Pick yourself up some nice General Finishes water-based 'Dead Flat Varnish' finish. Or, Beautiful makes a matte finish, Water based sealer. I think BM actually offers a matte finish now, but I have no experience with it.

I'm telling you, though, put this stuff on and you'll wonder if you actually did once it dries.

I have also very, very successfully used paint base. Far less expensive! Pick up some Latex, Exterior, FLAT, DARK (sometimes called a 4 or 5) paint base. It goes on white, but dries invisible. I'm not kidding that you'll will be absolutely amazed. I've used Behr and Olympic so far.

I used the 1st two items on a door (each side) I left in the yard for a year to get it to chip. Not only did it adhere the chips (like decoupage) but you can't tell how or where. They don't leave a glued-on looking finish. Just invisible.

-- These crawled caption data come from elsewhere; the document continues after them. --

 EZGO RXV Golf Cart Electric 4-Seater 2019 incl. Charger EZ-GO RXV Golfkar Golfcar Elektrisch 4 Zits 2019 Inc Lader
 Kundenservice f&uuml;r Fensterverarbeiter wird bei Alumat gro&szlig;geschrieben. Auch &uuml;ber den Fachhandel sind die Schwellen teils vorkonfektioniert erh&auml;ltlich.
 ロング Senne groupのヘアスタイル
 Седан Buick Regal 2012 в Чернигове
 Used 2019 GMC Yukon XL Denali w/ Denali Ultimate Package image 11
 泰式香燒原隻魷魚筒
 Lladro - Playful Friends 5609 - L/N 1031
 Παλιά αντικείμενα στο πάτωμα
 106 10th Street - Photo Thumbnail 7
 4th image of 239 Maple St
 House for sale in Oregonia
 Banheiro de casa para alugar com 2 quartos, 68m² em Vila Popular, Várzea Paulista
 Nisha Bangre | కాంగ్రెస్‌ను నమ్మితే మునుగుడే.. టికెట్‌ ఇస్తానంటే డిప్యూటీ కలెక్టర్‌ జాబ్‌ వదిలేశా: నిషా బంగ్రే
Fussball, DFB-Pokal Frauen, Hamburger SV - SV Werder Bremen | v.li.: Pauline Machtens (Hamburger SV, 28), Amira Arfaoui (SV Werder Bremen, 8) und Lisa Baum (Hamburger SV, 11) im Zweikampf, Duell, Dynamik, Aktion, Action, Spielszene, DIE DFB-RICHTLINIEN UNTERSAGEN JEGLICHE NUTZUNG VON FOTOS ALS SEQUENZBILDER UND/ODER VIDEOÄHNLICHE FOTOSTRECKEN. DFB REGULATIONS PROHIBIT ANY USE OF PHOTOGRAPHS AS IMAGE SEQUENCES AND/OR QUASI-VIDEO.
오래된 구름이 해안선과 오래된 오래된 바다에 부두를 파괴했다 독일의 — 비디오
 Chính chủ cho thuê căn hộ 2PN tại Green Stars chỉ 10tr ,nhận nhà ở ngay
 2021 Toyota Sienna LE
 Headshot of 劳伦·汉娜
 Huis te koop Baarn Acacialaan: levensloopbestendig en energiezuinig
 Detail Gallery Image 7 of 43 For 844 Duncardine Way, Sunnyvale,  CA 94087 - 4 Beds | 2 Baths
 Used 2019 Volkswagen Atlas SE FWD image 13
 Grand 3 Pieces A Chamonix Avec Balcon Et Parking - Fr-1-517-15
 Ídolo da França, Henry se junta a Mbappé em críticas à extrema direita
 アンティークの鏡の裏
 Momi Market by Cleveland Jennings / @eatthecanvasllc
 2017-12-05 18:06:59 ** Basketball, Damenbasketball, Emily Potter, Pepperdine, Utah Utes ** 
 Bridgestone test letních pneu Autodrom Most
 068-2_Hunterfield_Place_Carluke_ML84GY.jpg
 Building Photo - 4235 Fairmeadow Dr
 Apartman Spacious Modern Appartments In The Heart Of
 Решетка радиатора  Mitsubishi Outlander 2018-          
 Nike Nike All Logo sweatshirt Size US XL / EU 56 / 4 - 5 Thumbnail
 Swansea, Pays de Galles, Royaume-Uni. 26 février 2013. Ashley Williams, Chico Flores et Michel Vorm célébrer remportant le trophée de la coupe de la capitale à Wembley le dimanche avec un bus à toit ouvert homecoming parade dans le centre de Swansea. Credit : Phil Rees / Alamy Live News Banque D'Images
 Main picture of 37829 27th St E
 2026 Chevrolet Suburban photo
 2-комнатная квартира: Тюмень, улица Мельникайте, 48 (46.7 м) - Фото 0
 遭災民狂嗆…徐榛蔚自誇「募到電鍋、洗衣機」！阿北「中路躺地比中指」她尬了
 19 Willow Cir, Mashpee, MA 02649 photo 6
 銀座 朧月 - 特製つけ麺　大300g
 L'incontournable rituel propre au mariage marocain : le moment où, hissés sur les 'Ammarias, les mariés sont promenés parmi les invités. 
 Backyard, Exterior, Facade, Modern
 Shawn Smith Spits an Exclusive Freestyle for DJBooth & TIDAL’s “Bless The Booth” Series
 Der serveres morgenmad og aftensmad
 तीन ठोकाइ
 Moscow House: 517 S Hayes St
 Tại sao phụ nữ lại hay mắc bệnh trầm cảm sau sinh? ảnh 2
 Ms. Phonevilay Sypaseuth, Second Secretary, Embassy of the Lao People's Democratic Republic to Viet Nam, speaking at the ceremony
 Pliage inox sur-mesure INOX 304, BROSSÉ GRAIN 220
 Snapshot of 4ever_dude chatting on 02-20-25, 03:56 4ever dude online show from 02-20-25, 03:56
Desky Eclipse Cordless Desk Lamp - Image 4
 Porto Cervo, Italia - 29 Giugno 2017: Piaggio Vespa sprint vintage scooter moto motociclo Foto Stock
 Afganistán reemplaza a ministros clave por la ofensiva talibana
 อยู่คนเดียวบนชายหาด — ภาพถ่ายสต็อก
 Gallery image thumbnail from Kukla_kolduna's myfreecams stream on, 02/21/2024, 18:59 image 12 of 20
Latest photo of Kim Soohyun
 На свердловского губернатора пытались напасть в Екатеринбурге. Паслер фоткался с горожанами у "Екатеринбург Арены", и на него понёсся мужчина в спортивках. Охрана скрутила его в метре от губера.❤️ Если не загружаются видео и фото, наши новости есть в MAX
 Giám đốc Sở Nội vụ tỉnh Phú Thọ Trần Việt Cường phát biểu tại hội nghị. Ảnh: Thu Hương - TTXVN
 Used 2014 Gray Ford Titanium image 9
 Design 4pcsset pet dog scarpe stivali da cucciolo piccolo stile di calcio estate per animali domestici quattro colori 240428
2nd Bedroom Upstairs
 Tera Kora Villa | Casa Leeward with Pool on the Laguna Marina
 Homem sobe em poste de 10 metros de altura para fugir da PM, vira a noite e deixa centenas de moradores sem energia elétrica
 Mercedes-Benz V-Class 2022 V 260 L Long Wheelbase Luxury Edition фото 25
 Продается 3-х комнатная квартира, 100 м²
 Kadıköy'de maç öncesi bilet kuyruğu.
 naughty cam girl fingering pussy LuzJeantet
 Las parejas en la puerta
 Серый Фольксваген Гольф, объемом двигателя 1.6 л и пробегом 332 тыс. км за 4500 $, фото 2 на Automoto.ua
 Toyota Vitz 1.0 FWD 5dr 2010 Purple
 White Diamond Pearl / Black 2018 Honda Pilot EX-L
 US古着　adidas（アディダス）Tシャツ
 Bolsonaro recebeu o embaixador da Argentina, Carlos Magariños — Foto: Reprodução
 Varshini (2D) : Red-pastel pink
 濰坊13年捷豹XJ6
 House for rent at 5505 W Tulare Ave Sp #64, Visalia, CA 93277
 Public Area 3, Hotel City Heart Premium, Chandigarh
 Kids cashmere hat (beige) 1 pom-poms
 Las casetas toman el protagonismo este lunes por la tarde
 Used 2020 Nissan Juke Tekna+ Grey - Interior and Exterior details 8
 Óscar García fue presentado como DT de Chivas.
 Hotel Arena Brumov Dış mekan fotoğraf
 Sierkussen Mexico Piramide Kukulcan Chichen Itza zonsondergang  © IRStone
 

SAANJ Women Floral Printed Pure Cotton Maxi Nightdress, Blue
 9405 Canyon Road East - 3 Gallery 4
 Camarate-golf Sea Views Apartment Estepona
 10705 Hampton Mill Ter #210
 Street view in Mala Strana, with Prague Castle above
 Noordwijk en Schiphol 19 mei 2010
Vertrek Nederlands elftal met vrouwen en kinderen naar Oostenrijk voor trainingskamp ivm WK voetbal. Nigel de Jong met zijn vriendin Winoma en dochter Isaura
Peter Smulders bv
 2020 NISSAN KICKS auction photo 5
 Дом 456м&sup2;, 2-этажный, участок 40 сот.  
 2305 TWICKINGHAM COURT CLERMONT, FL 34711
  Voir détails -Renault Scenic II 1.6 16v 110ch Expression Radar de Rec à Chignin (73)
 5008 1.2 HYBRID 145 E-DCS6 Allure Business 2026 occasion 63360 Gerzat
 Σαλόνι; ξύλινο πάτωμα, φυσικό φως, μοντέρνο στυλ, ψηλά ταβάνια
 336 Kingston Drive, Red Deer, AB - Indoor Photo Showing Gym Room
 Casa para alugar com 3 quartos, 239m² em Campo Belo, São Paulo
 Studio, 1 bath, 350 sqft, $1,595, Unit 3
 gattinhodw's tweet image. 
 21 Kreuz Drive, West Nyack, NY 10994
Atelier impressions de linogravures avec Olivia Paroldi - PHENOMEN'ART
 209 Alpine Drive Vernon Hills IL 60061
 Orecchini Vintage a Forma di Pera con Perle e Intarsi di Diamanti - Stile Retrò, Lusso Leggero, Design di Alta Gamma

The paint base, I used to make some stuff chippy. I put it all over another door, then used a crackle finish on it. (Protecting the natural wood underneath.) When the crackle dried, I rubbed it with stain and it came out so incredibly cool. But the natural wood was perfect and preserved.

So, there are solutions.
Teak is a tough one as mentioned because of the oils in it. Definitely use the acetone first.
A lot of people who love the "reclaimed wood" look don't realize there are matte finish products available. And I'm not talking satin. I'm talking 3 invisible options here.